- **Your objective**: Once you reach the line containing "Cazadora Bomber Mujer", reproduce it and every later line exactly, through the end of the data.

(Dataset items)

- - - - -

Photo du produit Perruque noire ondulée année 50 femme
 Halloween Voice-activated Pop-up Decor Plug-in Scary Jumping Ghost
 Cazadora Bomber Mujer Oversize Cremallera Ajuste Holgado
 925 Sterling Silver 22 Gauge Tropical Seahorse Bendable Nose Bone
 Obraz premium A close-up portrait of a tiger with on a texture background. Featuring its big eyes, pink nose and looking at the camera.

- - - - -

- **Solution to the exercise**:
 Cazadora Bomber Mujer Oversize Cremallera Ajuste Holgado
 925 Sterling Silver 22 Gauge Tropical Seahorse Bendable Nose Bone
 Obraz premium A close-up portrait of a tiger with on a texture background. Featuring its big eyes, pink nose and looking at the camera.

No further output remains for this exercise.